A search warrant obtained by TheDC indicates that the August raid allowed law enforcement to search for firearms inside her home.
The document notes that her husband, Paul Flanagan, pleaded guilty in 1986 to resisting arrest in Prince George's County. The warrant called for police to search the residence they share and seize all weapons and ammunition because he is prohibited under the law from possessing firearms.
But without Hudson's knowledge, the agents also confiscated a batch of documents that contained information about sources inside the Department of Homeland Security and the Transportation Security Administration, she said.
Outraged over the seizure, Hudson is now speaking out. She said no subpoena for the notes was presented during the raid and argues the confiscation was outside of the search warrant's parameter.
"They took my notes without my knowledge and without legal authority to do so," Hudson said this week. "The search warrant they presented said nothing about walking out of here with a single sheet of paper."
She provided TheDC with a photo showing the stack of file folders in a bag marked "evidence/property."
Hudson wrote a series of articles a few years ago on the air marshal service and how DHS officials had lied to Congress about how many planes the marshals were protecting.
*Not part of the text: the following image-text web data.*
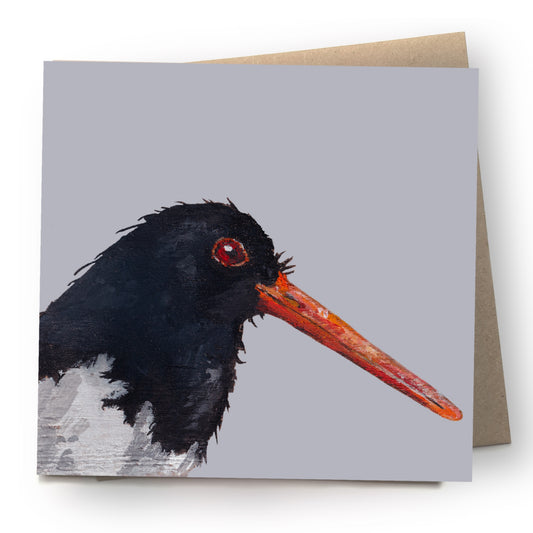 Oystercatcher Greetings Card - Badger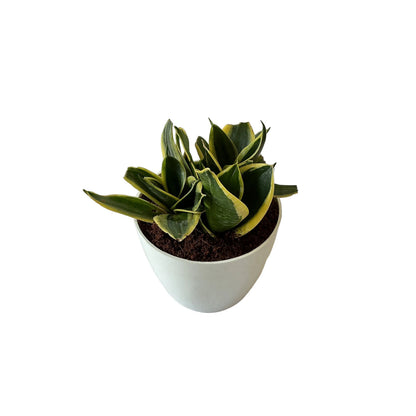 Snack dwarf plant in 4 inch white orchid round pot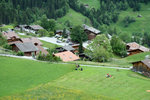 IMG_7207_wm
This didn't sit well with one of the Coast Guard cops who was part of the raid:
After the search began, Hudson said she was asked by an investigator with the Coast Guard Investigative Service if she was the same Audrey Hudson who had written a series of critical stories about air marshals for The Washington Times over the last decade. The Coast Guard operates under the Department of Homeland Security.
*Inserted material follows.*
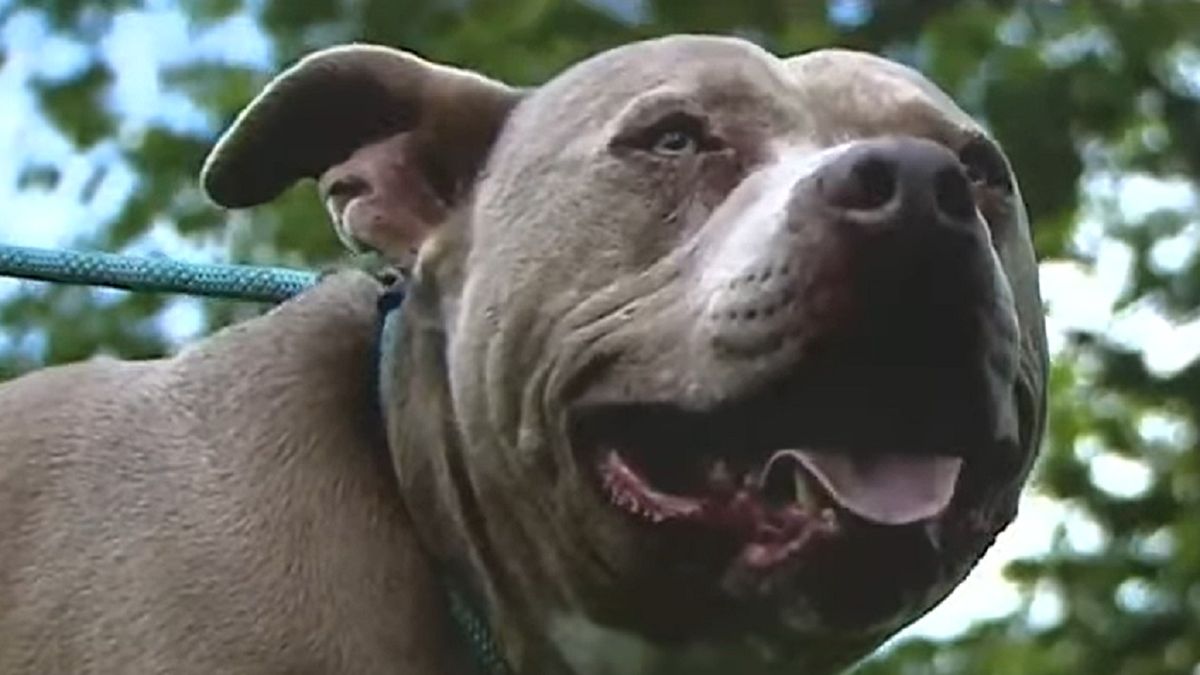 Chief odnalazł się po 6 latach.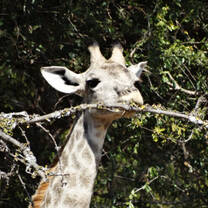 Giraffe eating from tree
Hudson said that investigator, Miguel Bosch, identified himself as a former air marshal official.
But it wasn't until a month later, on Sept. 10, that Hudson was informed by Bosch that five files including her handwritten and typed notes from interviews with numerous confidential sources and other documents had been taken during the raid.
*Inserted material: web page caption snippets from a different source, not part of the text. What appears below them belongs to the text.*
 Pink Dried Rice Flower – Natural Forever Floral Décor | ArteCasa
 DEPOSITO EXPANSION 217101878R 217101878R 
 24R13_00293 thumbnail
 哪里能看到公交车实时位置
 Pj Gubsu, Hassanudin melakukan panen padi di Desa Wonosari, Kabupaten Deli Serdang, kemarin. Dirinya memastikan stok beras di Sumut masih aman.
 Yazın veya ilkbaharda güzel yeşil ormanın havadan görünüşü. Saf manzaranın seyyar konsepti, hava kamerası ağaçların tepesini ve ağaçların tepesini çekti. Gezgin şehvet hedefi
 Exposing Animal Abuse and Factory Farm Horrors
"In particular, the files included notes that were used to expose how the Federal Air Marshal Service had lied to Congress about the number of airline flights there were actually protecting against another terrorist attack," Hudson wrote in a summary about the raid provided to TheDC.
She said she asked Bosch why they took the files. He responded that they needed to run them by TSA to make sure it was "legitimate" for her to have them.
"'Legitimate' for me to have my own notes?" she said incredulously on Wednesday.
The law is specific; evidence of an unrelated crime to the search warrant must be in plain sight for investigators to seize them. How the Coast Guard investigator could see what was in the notes without rifling through them is a mystery.
There is a war on journalists being waged by government. It doesn't matter if they're liberal or conservative, only that what they publish displeases someone in Washington.
This from a CNN reporter:
On Wednesday morning, CNN Newsroom anchor Carol Costello made a rather stunning, if cryptic, revelation. In discussing the firing of national security official Jofi Joseph, Costello agreed with panelist Jason Johnson that the Obama administration can be thin-skinned, and said that "President Obama's people can be quite nasty. They don't like you to say anything bad about their boss, and they're not afraid to use whatever means they have at hand to stop you from doing that, including threatening your job."
Johnson's reaction to the firing was that "we had to see more of the tweets. It's kind of inappropriate, so I can understand him being fired. But the Obama administration is very thin-skinned." (HT/ Ed lasky)
Journalists in Chicago routinely put up with this sort of thing from Democratic politicians. It goes with the territory. It shouldn't shock us, then, that these tactics have migrated to Washington with President Obama.